> **ACTIVITY**: Below are records; extract exactly the lines from the one containing "Showudesigns Women's Clothing" through the last, both included, and keep the pictures out.

Web page caption snippets:
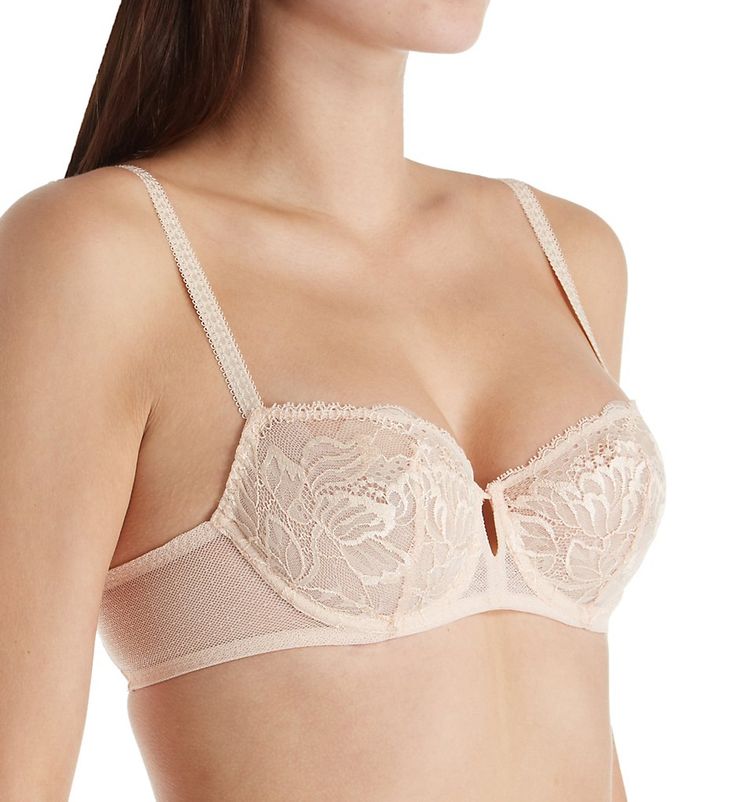 Gorgeous Leavers lace accents this sexy sheer mesh underwire bra. Made of nylon/polyester/elastane. Unlined, seamed, sheer lace underwire cup is stretch, breathable mesh and has an inner side support sling to center and lift. Stretch cups provide an adaptable fit for each breast and are a helpful if you're not quite even. Tall darts add shape to cup. Embroidered floral lace cups. Center panel - wide, arched for high tummy comfort, with keyhole at top. Elastic underband provides additional suppor Underwire Mesh Bra With Padded Cups, Sheer Mesh Underwire Bra, Mesh Underwire Bra With Padded Cups, Fitted Full Coverage Mesh Bra, Sheer Full Coverage Fitted Bra, Fitted Mesh Bra With Removable Pads, Fitted Full Cup Mesh Bra, Sheer Fitted Push-up Bra, Sheer Push-up Bra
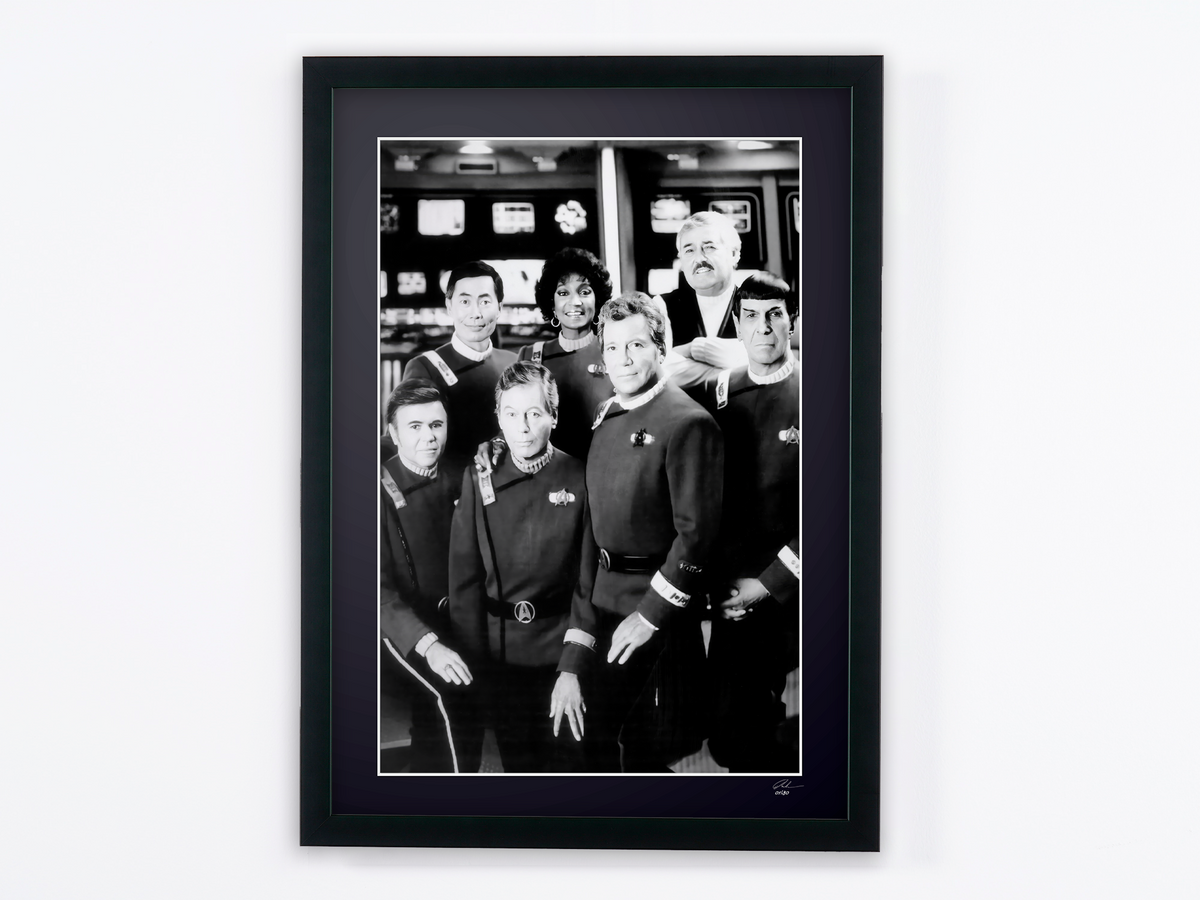 Photographie d’art de William Shatner dans Star Trek VI : Terre inconnue, encadrée à la main — édition limitée de 30 exemplaires numérotés.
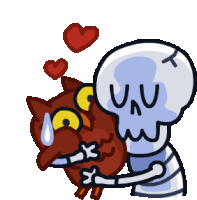 a cartoon of a skeleton hugging an owl with hearts coming out of its eyes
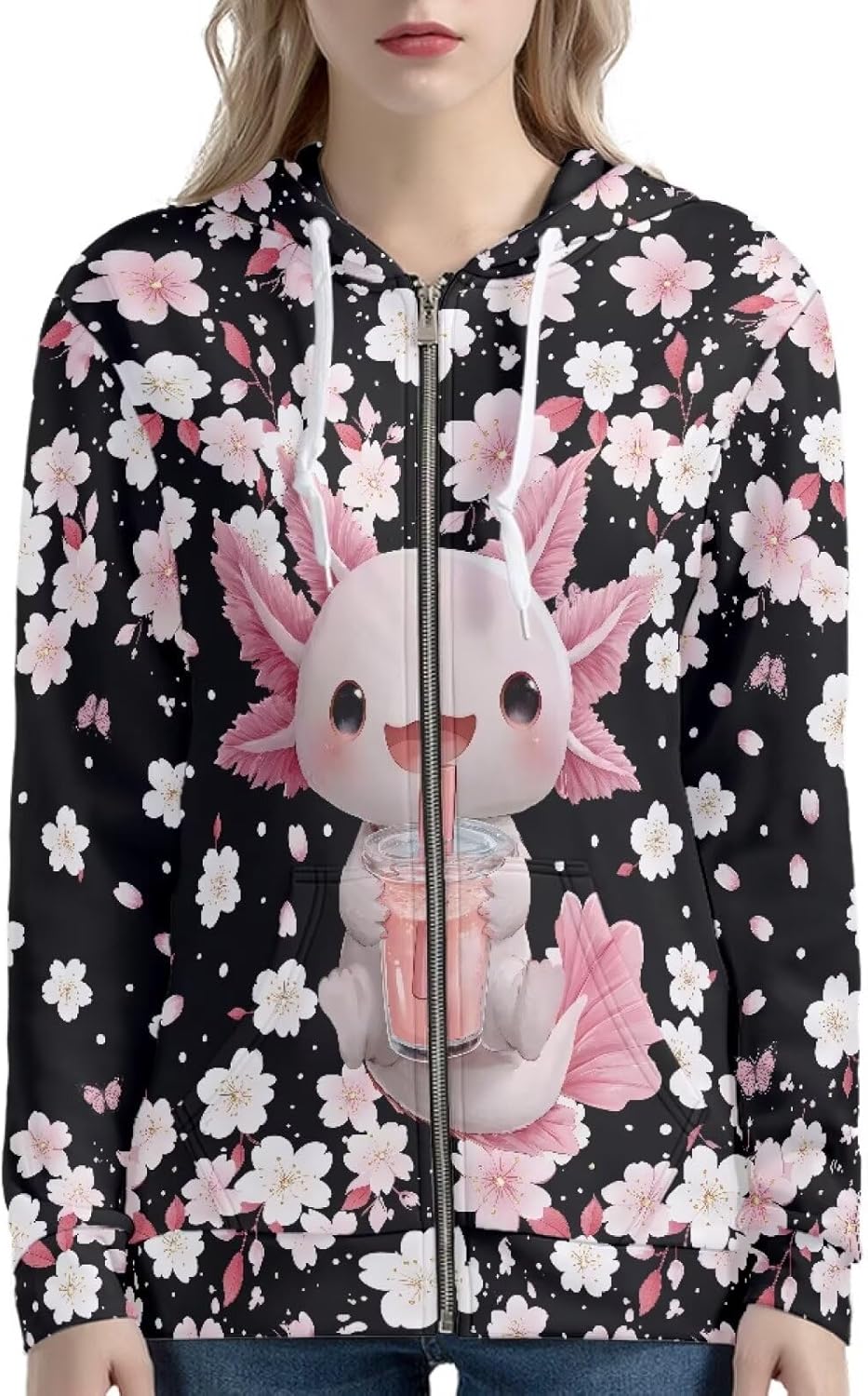 Showudesigns Women's Clothing Zip Up Hoodies XS-5XL Fashion Sweatshirts Clothes Fall Pullover Tops - Image 2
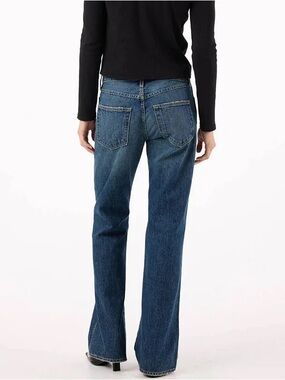 AMO Marcenia Low Boot Jeans 100% Organic Cotton Flare Wide Leg Pants Size 27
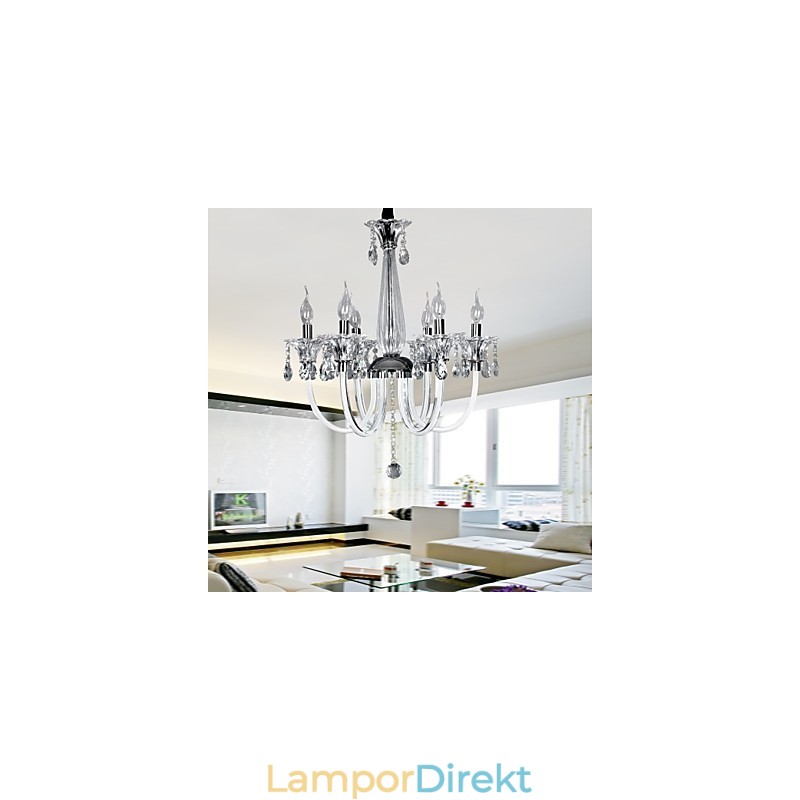 Elegant Kristallkrona Med 6 Lampor I Ljusglödlampa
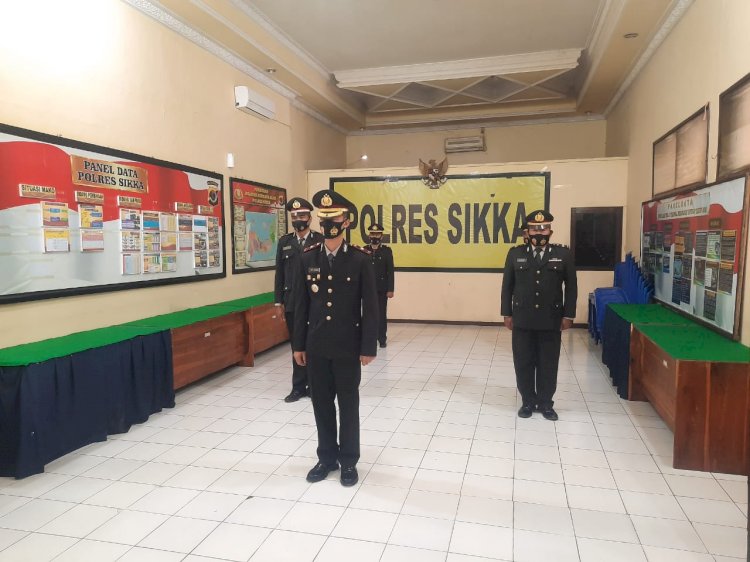 Peringati Hari Lahir Pancasila, Polres Sikka mengikuti Upacara secara Virtual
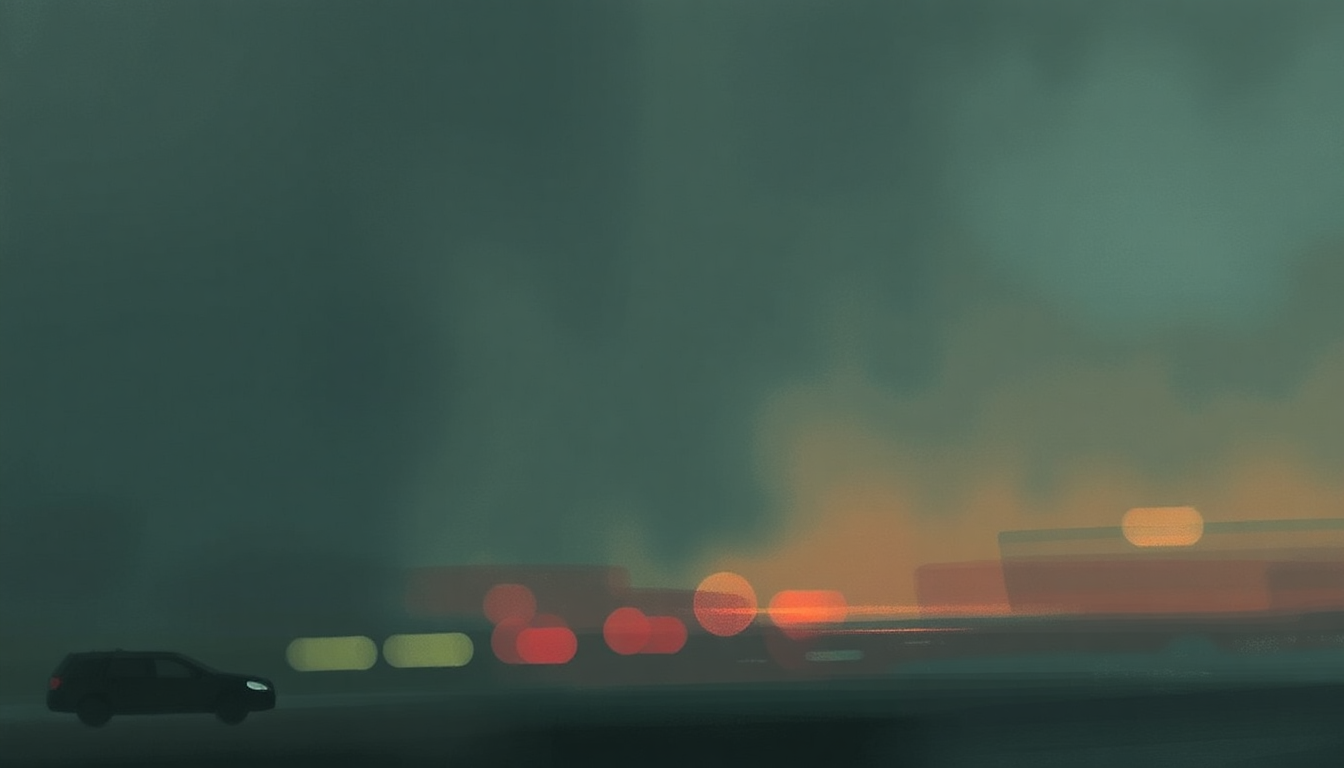Fan-driven abstract illustration evoking the emotional arc of Traffic by Thom Yorke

> **ANSWER SPACE**:
 Showudesigns Women's Clothing Zip Up Hoodies XS-5XL Fashion Sweatshirts Clothes Fall Pullover Tops - Image 2
 AMO Marcenia Low Boot Jeans 100% Organic Cotton Flare Wide Leg Pants Size 27
 Elegant Kristallkrona Med 6 Lampor I Ljusglödlampa
 Peringati Hari Lahir Pancasila, Polres Sikka mengikuti Upacara secara Virtual
Fan-driven abstract illustration evoking the emotional arc of Traffic by Thom Yorke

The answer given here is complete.